Nesse contexto, o fenótipo, enquanto matéria-prima física, entra na compreensão histórica do conceito de raça. Tratar de questões étnico-raciais no Brasil é discutir nossa diversidade cultural. É no seio dessa diversidade cultural que podemos melhor compreender as questões socioculturais, políticas e históricas da nossa sociedade (Gomes, 2005).

Para concluir

Há pouco mais de uma década, a iniciativa de “Diálogos contra o Racismo” lançou a campanha “Onde você guarda o seu racismo?”. A ideia era compreender como e por que naturalizamos o racismo.

A pesquisa levantou que, embora 87% dos brasileiros entrevistados declarassem haver racismo no Brasil, menos de 4% se reconheciam racistas. É isto que explica ser o Brasil um país com racismo, mas sem racistas. Essa contradição latente reside no sucesso da instrumentalização do racismo como ferramenta em que se estrutura o país. 

O mito da democracia racial, ou seja, de uma sociedade harmoniosa em que há igualdade racial e de direitos, oferece sustentação a esse fenômeno.

Desvelar esse racismo se torna essencial na busca por superar as desigualdades e injustiças raciais. Nessa luta, a escola tem um importante papel. A partir de um diálogo de um programa de TV, podemos promover ações, situações escolares para trabalhar a temática étnico-racial, como discutimos aqui.

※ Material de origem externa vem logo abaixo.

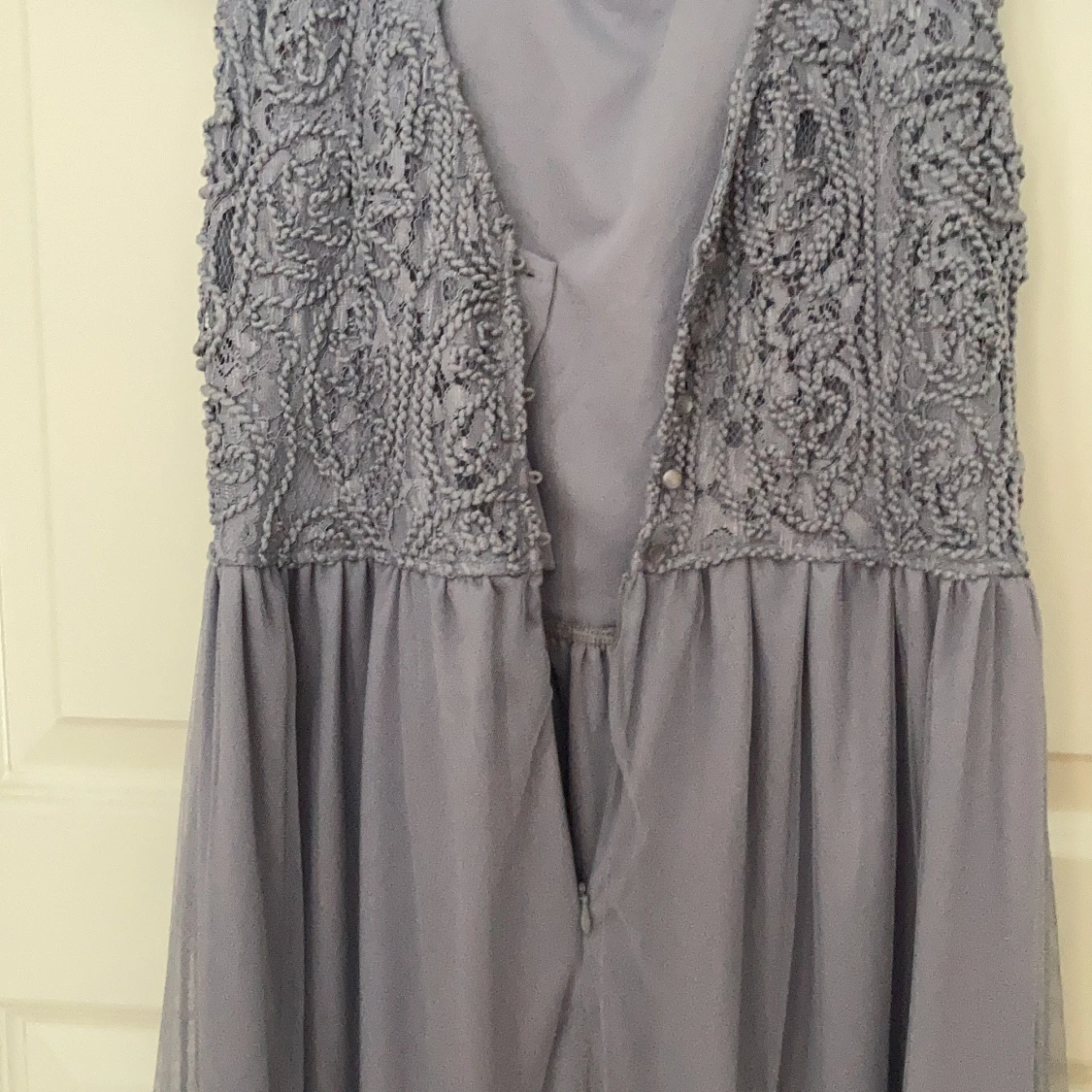 Ljusblå klänning - 91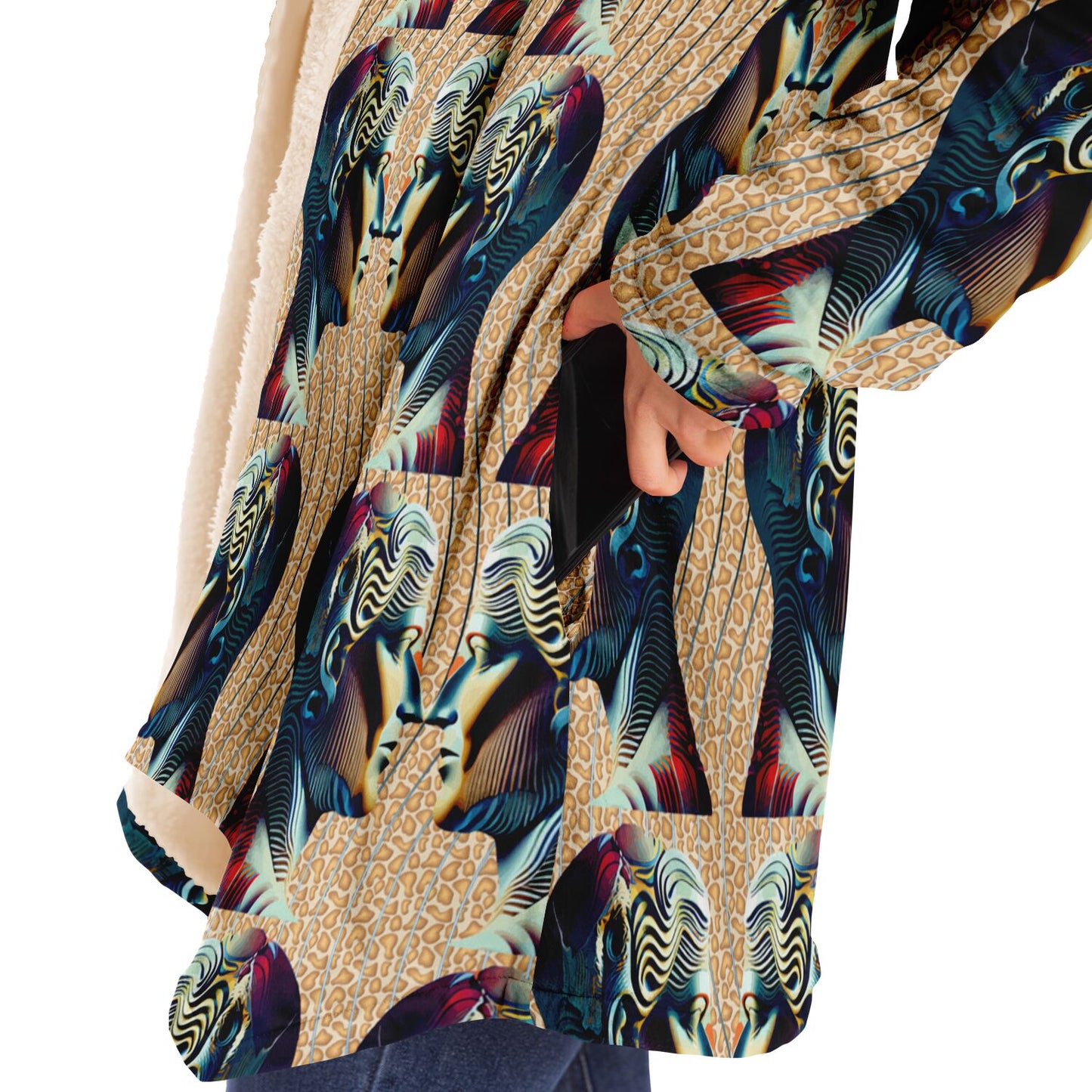 Microfleece Cloak - AOP Kukloso Ancients Series No 5 - Free Shipping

É preciso enfrentar o racismo de cada dia, aquele que passa despercebido nos gestos, no olhar, na palavra aparentemente inofensiva, pois como explica o professor Munanga, é impossível conciliar esses discursos sem reconhecer o problema.

É o reconhecimento do racismo que possibilita a formulação de políticas afirmativas que o combatam, não podemos nos esquecer.

Para saber mais

BARROS, Zelinda dos Santos e SANTOS, Marta Alencar dos. Educação e Relações Étnico-raciais. Brasília: Ministério da Educação. Secretária de Educação Continuada, Alfabetização e Diversidade; Salvador: Centro de Estudos Afro Orientais, 2011. (Módulo 4).

GOMES, Nilma Lino. “Alguns termos e conceitos presentes no debate sobre relações raciais no Brasil: uma breve discussão” In: Educação anti-racista: caminhos abertos pela Lei Federal nº 10.639/03. Brasília: Ministério da Educação, Secretaria de Educação Continuada, Alfabetização e Diversidade, 2005. p. 39-62.

MUNANGA, Kabengele. “Uma abordagem conceitual das noções de Raça, Racismo, Identidade e Etnia”. In: Programa de Educação sobre o Negro na Sociedade Brasileira. Niterói: EDUFF, 2000. (Cadernos PENESB; 5).